For some reason I do not have a driver for it and have searched the internet for one without success. Those downloaded have not matched the card.

Does anyone know what driver will work with this card?

Thanks

Barry


----------



## Deleted090308 (Jan 25, 2007)

*Re: Driver needed Audigy SBO160*

Hi and welcome to TSF,
Have you tried Creative's *auto update*?

Nicholas


----------



## Barry88 (Apr 28, 2007)

*Re: Driver needed Audigy SBO160*

I have spent quite some time on the creative site but there is no record of SBo160. I tried a couple of drivers but they did not work. Perhaps I will have to try them "all" in turn. 
Unless there is something special about "auto update". 

I'll give it a go. Thanks for your response

Barry
Australia


----------



## Deleted090308 (Jan 25, 2007)

*Re: Driver needed Audigy SBO160*

AutoUpdate will detect your card and find drivers/updates (I just tested it with my card - Audigy2).


----------



## Barry88 (Apr 28, 2007)

*Re: Driver needed Audigy SBO160*

Thanks Eneles.

I did not see the auto facility before.

Clicked on that and driver downloaded.

After adjusting settings here and there it now all works well.

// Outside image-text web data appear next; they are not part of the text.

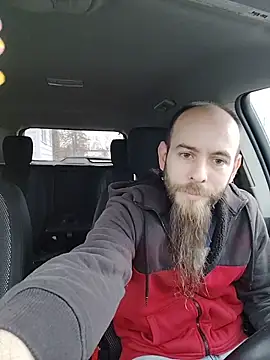 JohnnyFaster online show from April 5, 2026, 12:56 pm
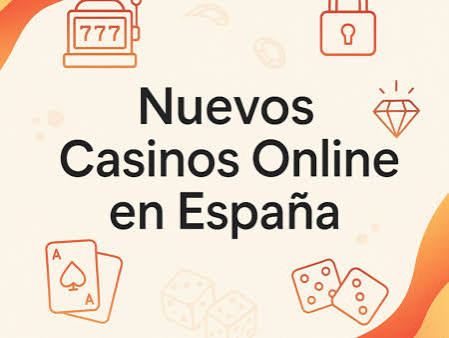 Casinos Online sin Licencia en España Riesgos y Consecuencias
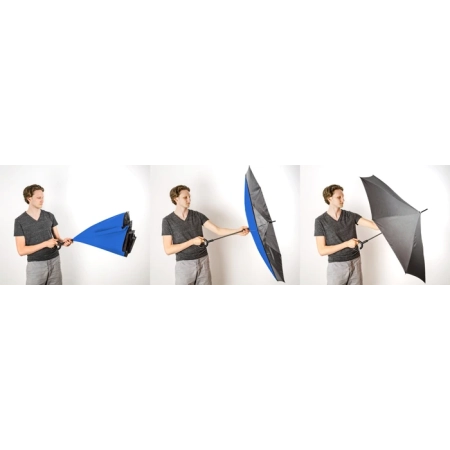 Parasol REVERS | BC-37041-03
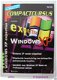 [2003] Windows-XP Expertise Cursus, Nyhus, Elektuur - 1 - Thumbnail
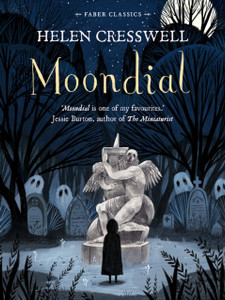 Moondial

So simple when you know how 

Thanks again

Barry


----------



## Deleted090308 (Jan 25, 2007)

*Re: Driver needed Audigy SBO160*

Good news :smile:


----------



## Korpsaw (Sep 8, 2008)

Barry88 said:


> I have installed a SoundBlaster Audio card into my Windows 2000 computer. The card has on it Audigy and Number SBO160 on it and was built 2001.
> 
> For some reason I do not have a driver for it and have searched the internet for one without success. Those downloaded have not matched the card.
> 
> ...


Hello. I have been using this card as well. I can't seem to find any posts about this. I have verified all connections, updated drivers, changed drivers, KX and so forth..nothing to do. I do not understand. I am currently using an M-Audio card to bypass the filthy static sound coming from this card and/or it's drivers. If I listen to music, the static is hard to detect, but when in game..(i.e: Battlefield 2) static static and pop pop..unreal. totally frustrating. I am using a sound blaster Audigy SB0160. That's all the info I have.


----------